* [WHAT NEEDS TO BE DONE]:
Take the entries below and retype them word for word, excluding the images.

-*-*-

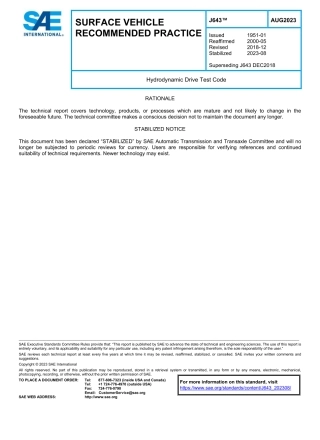 SAE J643-2023.pdf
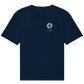 Save the Planet - Relaxed T-Shirt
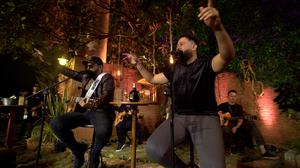 default video 1000x562 img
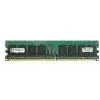 Kingston Technology 1GB, DDR2, non-ECC, PC2-6400, CL5 (5-5-5-15), 800MHz KVR800D2N5/1GB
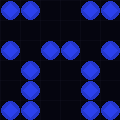 181.208.239.71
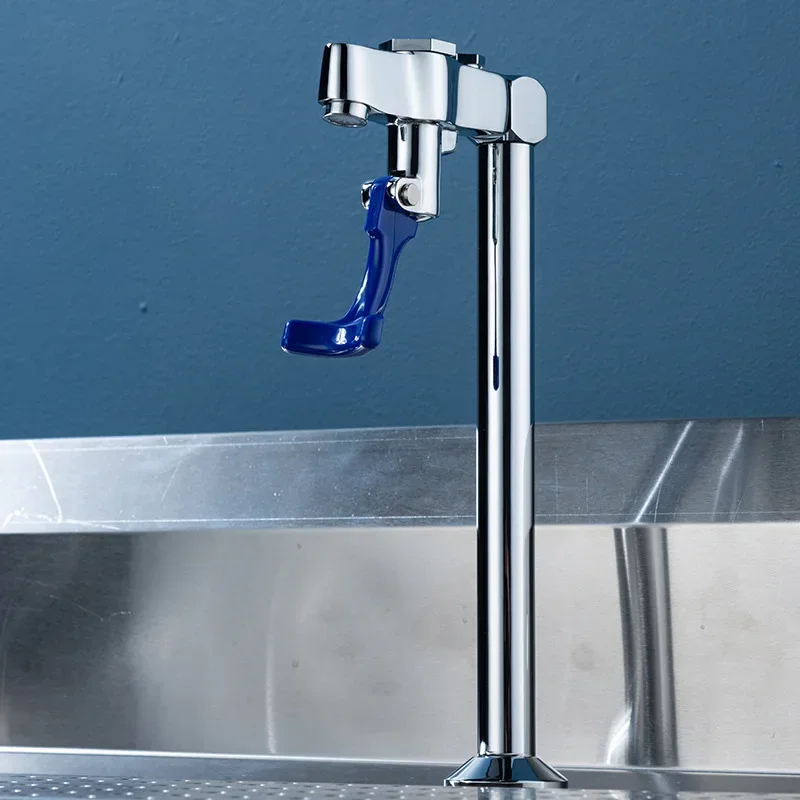 glass-filler-faucet-deck-mount-faucet-glass-filling-water-station-stainless-steel-drinking-water-filling-faucet-for-bar-cafes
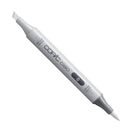 Copic Ciao C0-Cool Gray No.0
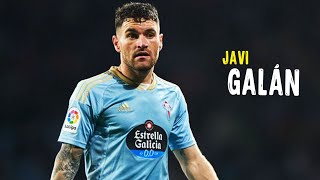 Rt4FPlMQUxI Video Image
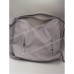 Сумки жіночі 2611 gray Сумки жіночі 2611 gray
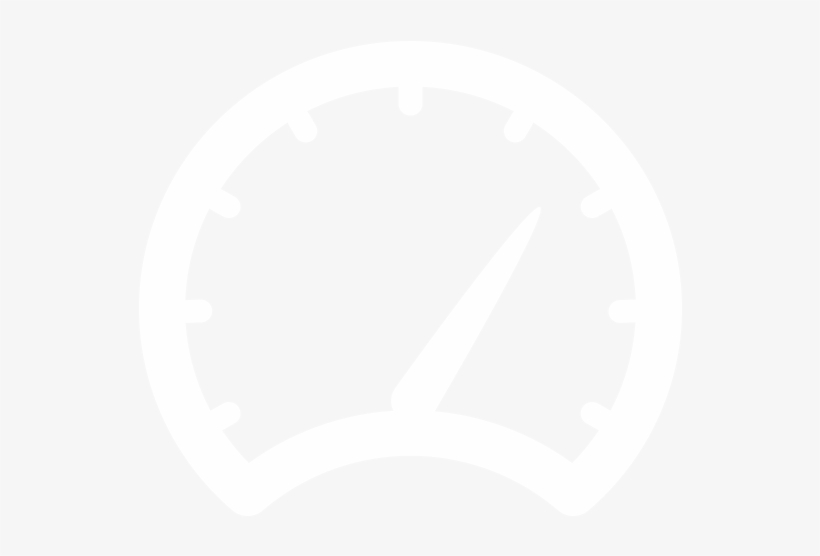 Get Your Free App Performance Analysis Report - Nlc Tuc, transparent png download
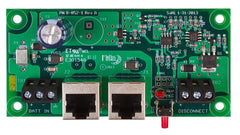 MidNite Solar MNBDM-48 Battery Disc Module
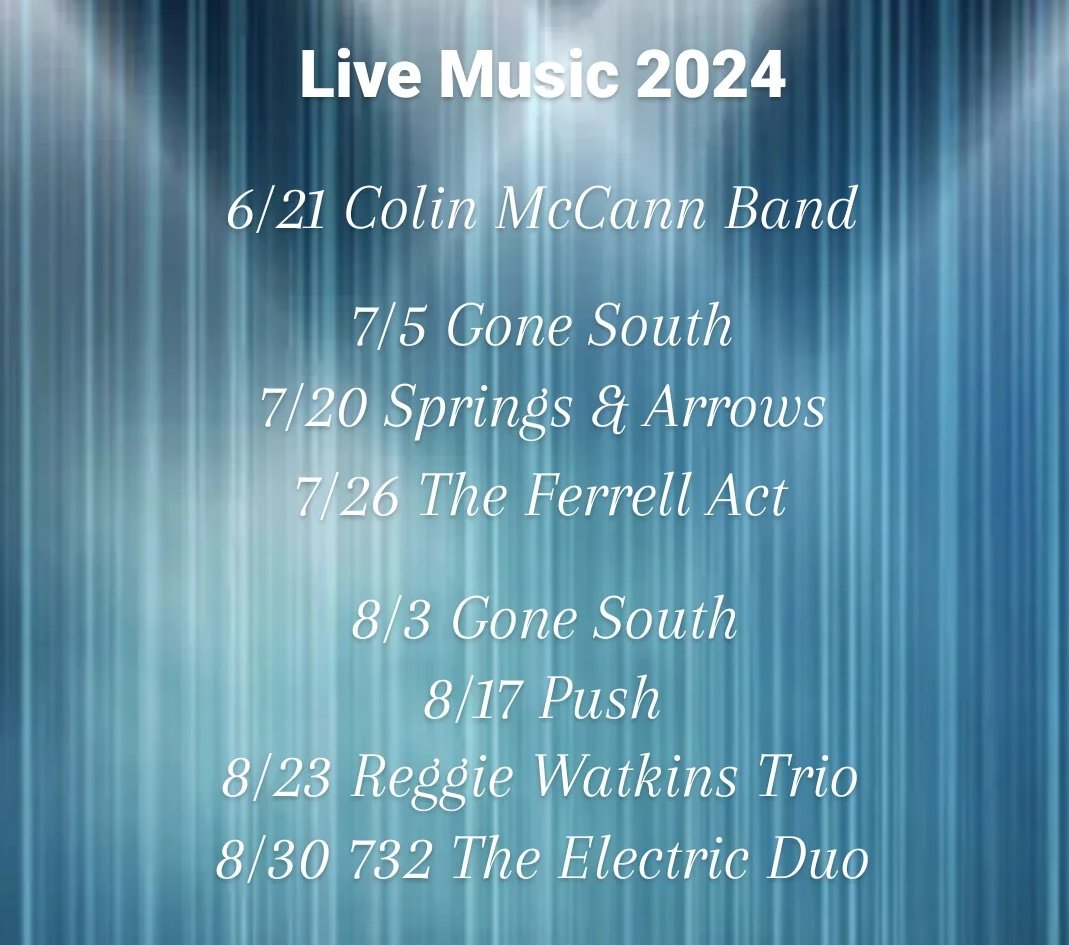 Apis Meadery tweet media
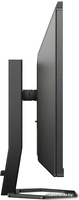 Монитор Philips 27E1N5600HE/01 - фото4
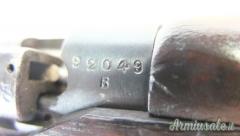 G.R.I ISHAPORE N.1MKIII 1921 CAL.303BR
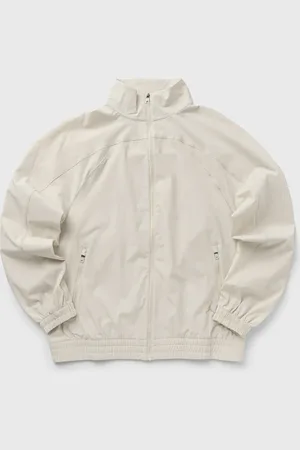 Jordan WMNS Dri-FIT Sport Woven Jacket women Windbreaker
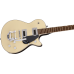 Gretsch G5230T Electromatic Jet FT SC w/ Bigsby Vintage White/London Grey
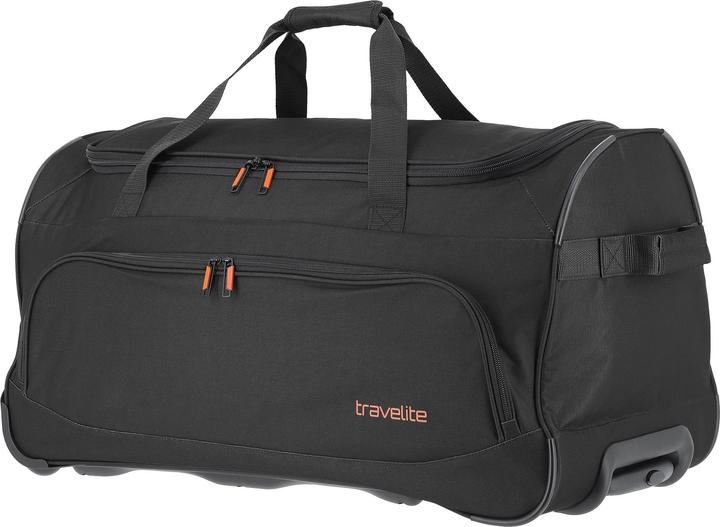 Produktbild Travelite Basics (89 l)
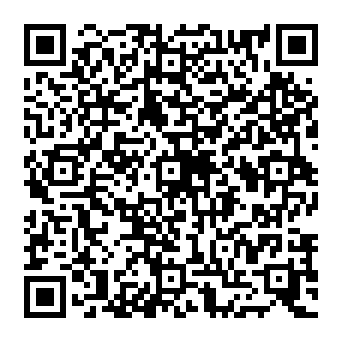 QR b0ee470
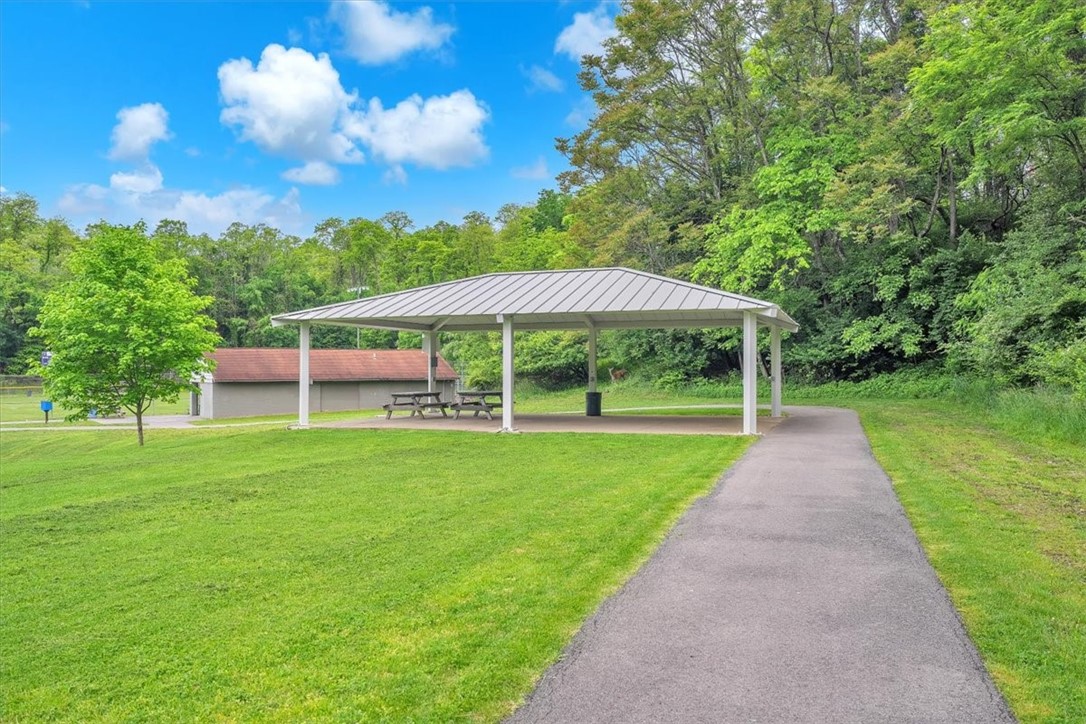 118 Wallace Park Dr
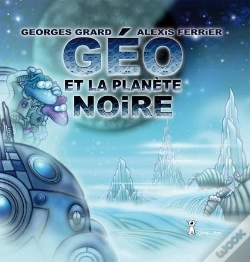 Capa do artigo Les Héros Sont Fatiguants !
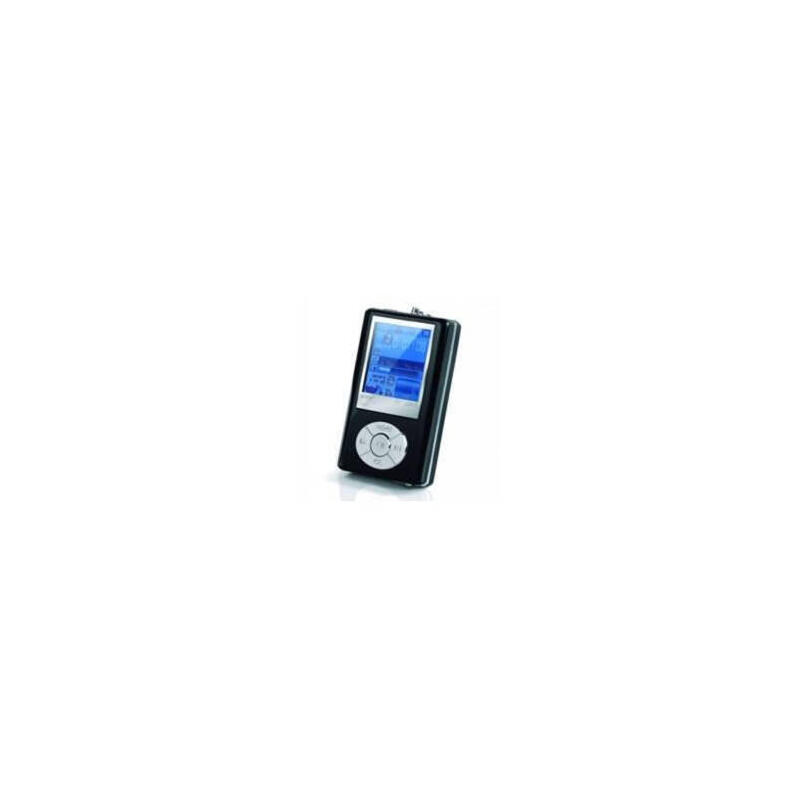 rimax-m-pathy-512mb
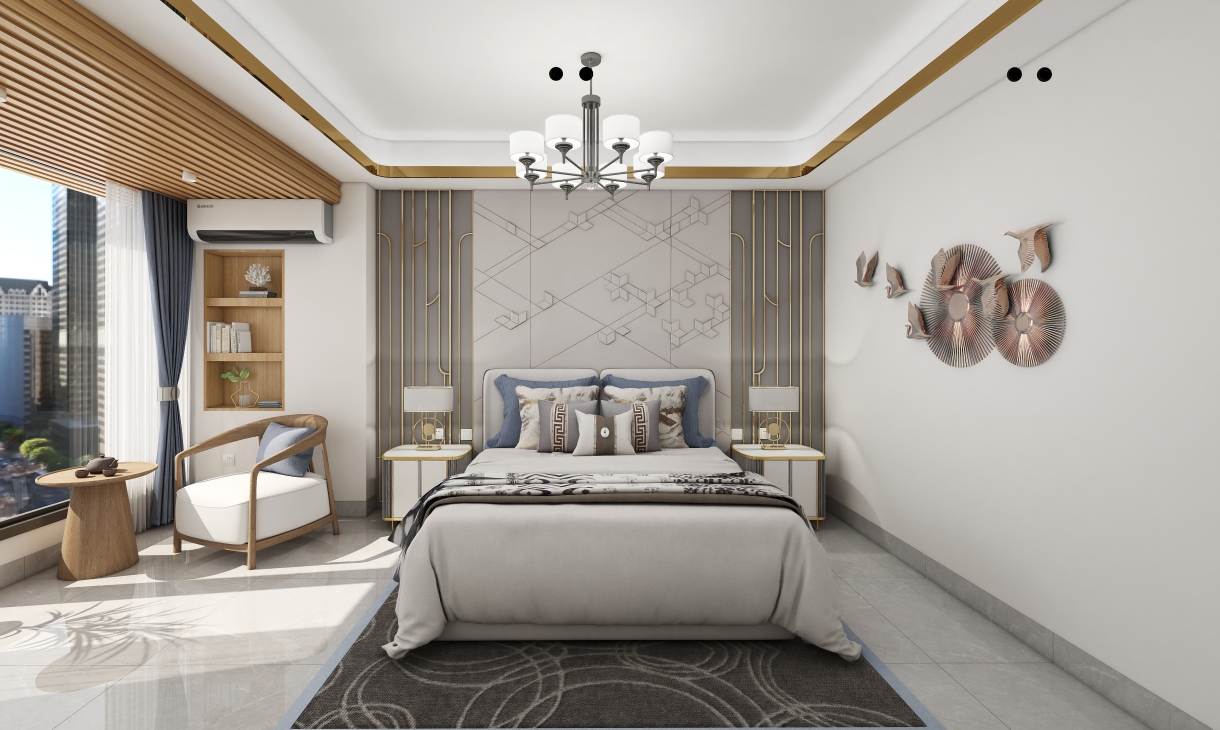 固始县大唐装饰公司怎么样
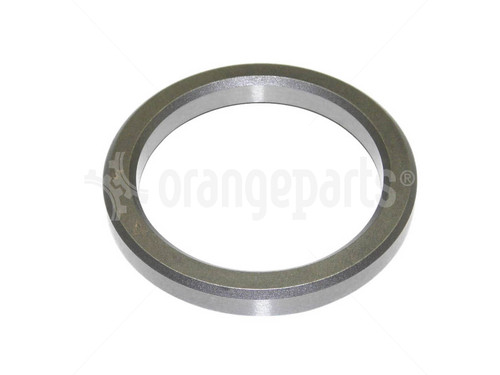 TOYOTA 425521324071 COLLAR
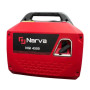 Генератор инверторный Narva NGI-4500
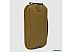 Органайзер для чемодана Thule Aion Travel TATO101NUTRIA 3205407 (горчичный)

-*-*-

* [OUTPUT]:
 SAE J643-2023.pdf
 Save the Planet - Relaxed T-Shirt
 default video 1000x562 img
 Kingston Technology 1GB, DDR2, non-ECC, PC2-6400, CL5 (5-5-5-15), 800MHz KVR800D2N5/1GB
 181.208.239.71
 glass-filler-faucet-deck-mount-faucet-glass-filling-water-station-stainless-steel-drinking-water-filling-faucet-for-bar-cafes
 Copic Ciao C0-Cool Gray No.0
 Rt4FPlMQUxI Video Image
 Сумки жіночі 2611 gray Сумки жіночі 2611 gray
 Get Your Free App Performance Analysis Report - Nlc Tuc, transparent png download
 MidNite Solar MNBDM-48 Battery Disc Module
 Apis Meadery tweet media
 Монитор Philips 27E1N5600HE/01 - фото4
 G.R.I ISHAPORE N.1MKIII 1921 CAL.303BR
 Jordan WMNS Dri-FIT Sport Woven Jacket women Windbreaker
 Gretsch G5230T Electromatic Jet FT SC w/ Bigsby Vintage White/London Grey
 Produktbild Travelite Basics (89 l)
 QR b0ee470
 118 Wallace Park Dr
 Capa do artigo Les Héros Sont Fatiguants !
 rimax-m-pathy-512mb
 固始县大唐装饰公司怎么样
 TOYOTA 425521324071 COLLAR
 Генератор инверторный Narva NGI-4500
 Органайзер для чемодана Thule Aion Travel TATO101NUTRIA 3205407 (горчичный)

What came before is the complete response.